Aim of the exercise. Omit the pictures and return exactly the stretch of the material below from the line with "We're solving a" through the line with "Hello everyone, how".

Data under study.
------------------------------------------------------------

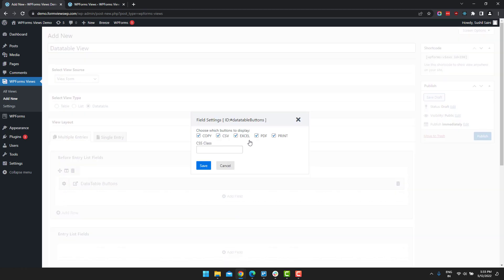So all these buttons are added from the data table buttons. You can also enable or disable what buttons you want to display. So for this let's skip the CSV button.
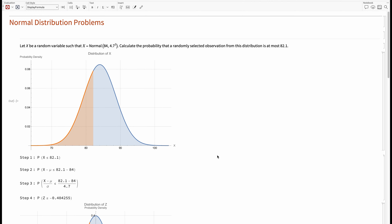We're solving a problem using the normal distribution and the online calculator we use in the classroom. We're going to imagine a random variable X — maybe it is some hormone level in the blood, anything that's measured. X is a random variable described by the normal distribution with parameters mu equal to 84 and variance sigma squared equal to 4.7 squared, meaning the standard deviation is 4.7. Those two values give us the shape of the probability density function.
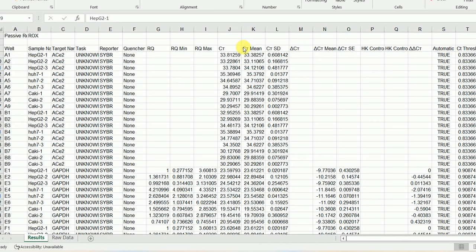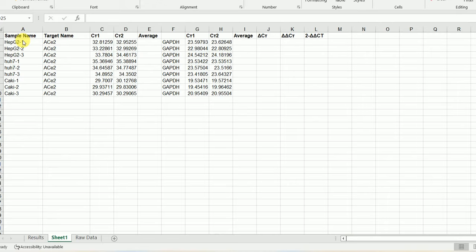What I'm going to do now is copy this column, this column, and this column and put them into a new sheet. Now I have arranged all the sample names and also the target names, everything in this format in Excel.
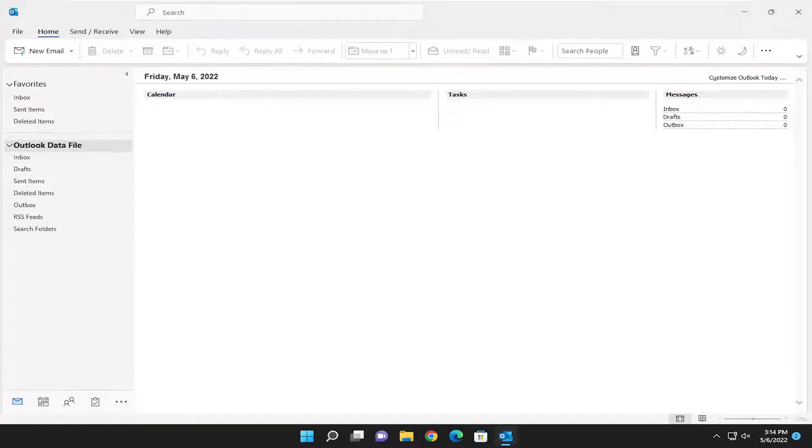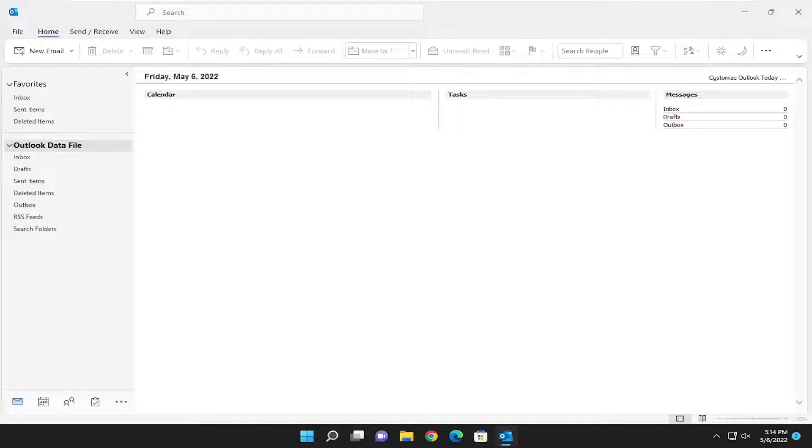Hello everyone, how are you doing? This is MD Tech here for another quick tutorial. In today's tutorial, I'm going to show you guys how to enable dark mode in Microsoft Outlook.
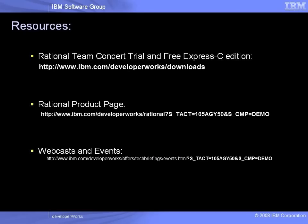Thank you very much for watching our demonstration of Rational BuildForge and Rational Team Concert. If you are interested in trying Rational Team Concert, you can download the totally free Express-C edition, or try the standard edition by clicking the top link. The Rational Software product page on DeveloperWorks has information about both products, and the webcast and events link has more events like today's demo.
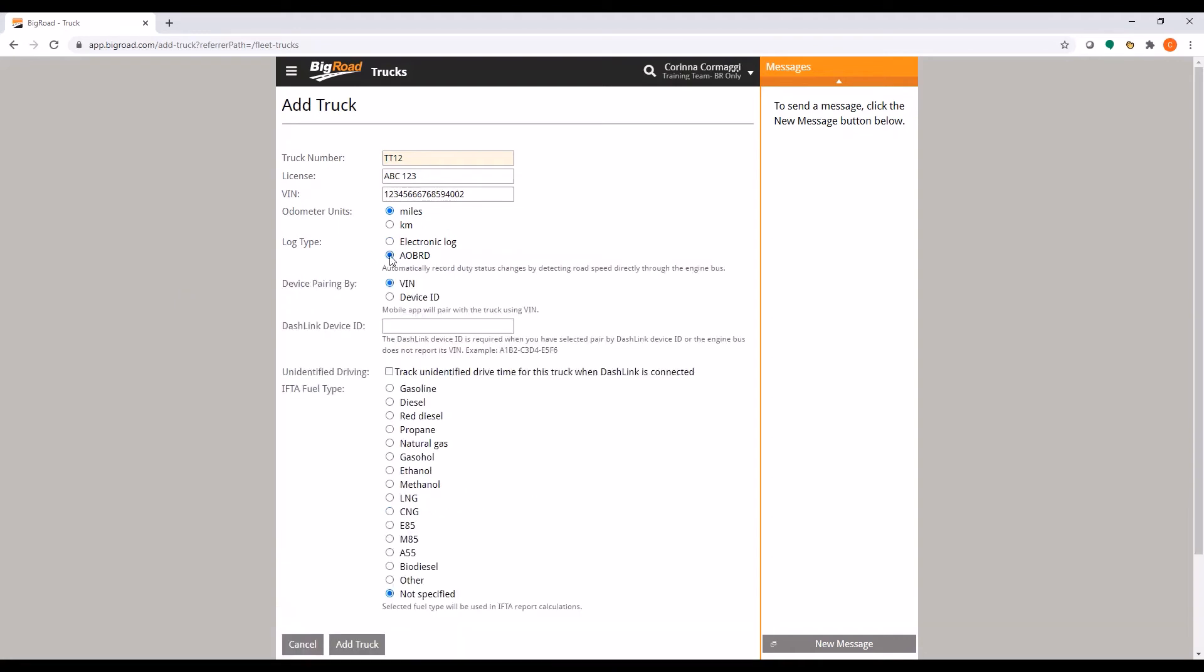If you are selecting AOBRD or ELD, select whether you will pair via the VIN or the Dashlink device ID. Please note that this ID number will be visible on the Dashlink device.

------------------------------------------------------------

Result for this exercise.
We're solving a problem using the normal distribution and the online calculator we use in the classroom. We're going to imagine a random variable X — maybe it is some hormone level in the blood, anything that's measured. X is a random variable described by the normal distribution with parameters mu equal to 84 and variance sigma squared equal to 4.7 squared, meaning the standard deviation is 4.7. Those two values give us the shape of the probability density function.
What I'm going to do now is copy this column, this column, and this column and put them into a new sheet. Now I have arranged all the sample names and also the target names, everything in this format in Excel.
Hello everyone, how are you doing? This is MD Tech here for another quick tutorial. In today's tutorial, I'm going to show you guys how to enable dark mode in Microsoft Outlook.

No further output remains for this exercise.